8) Augmenter la visibilité étant donné que le cadre de l’ESS est relativement peu connu, nous
devons nous engager à augmenter la prise de conscience à propos de l’ESS et l’implication des
acteurs. Notre public cible inclut le public en général, les alliés potentiels et les praticiens qui font
partie de l’ESS mais qui ne s’identifient pas avec ce cadre théorique. Deux stratégies centrales pour
augmenter la visibilité sont possibles:
a. l’éducation – l’éducation sur l’ESS et ses différents aspects peut prendre de nombreuses formes,
y compris des ateliers, des forums, des formations, des séminaires et des classes. L’éducation est
souvent le premier pas dans le processus de la mobilisation en faveur de l’ESS, l’organisation ou le
développement économique.
b. La communication, les médias, les médias sociaux articles, livres, vidéos, couverture
médiatique sont des formes importantes d’augmenter la prise de conscience sur l’ESS. Nous devons
développer une bibliothèque avec ces ressources.

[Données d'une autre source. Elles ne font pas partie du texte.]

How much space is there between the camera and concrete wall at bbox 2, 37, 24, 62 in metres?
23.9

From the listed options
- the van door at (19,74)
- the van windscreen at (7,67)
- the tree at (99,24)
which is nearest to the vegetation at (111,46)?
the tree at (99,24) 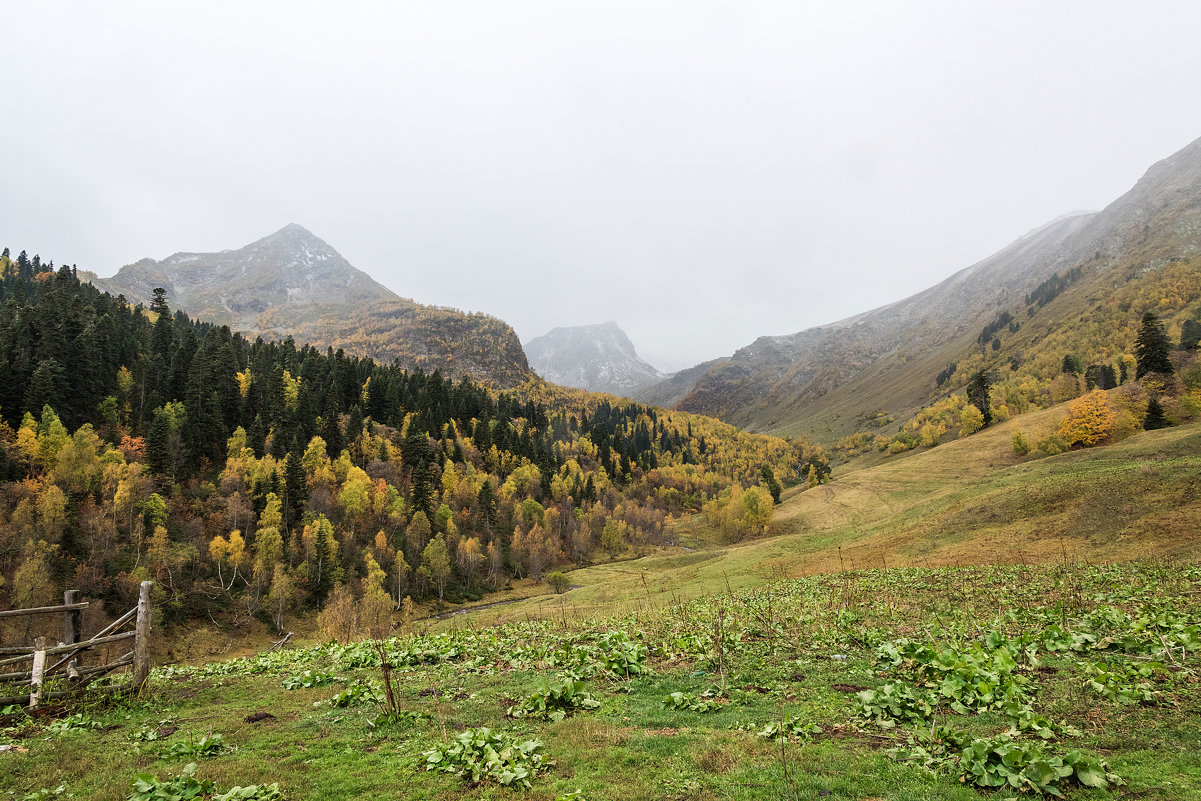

Exploration ulterieure de la terminologie et des concepts:
Nous acceptons que sur chaque continent, il existe différents domaines qui servent d’approches, de
points d’entrée et de spécificités qui ont comme résultat l’usage de différentes terminologies en
relation avec l’économie sociale et solidaire. Des termes comme transition sociétale, mouvement de
transformation, changement de paradigme, modèle alternatif de développement économique
peuvent être utilisés en différents endroits et dans différents circonstances, selon les sensibilités
politiques, historiques ou culturelles. Par exemple, dans certains cercles asiatiques, le terme
d’économie solidaire est considéré avec suspicion comme étant un cousin proche du socialisme.
L’économie sociale et solidaire n’exclut pas les formes participatives, démocratiques de socialisme
mais reconnaît que chaque région doit décider quel langage et quel cadre théorique sont les plus
appropriés à ses circonstances particulières.
Economie Sociales versus Economie Solidaire:
L’économie sociale (Diagramme 1) est comprise en général comme un « tiers secteur » de
l’économie, qui complète le « premier secteur » (privé/orienté vers le profit) et le « second secteur »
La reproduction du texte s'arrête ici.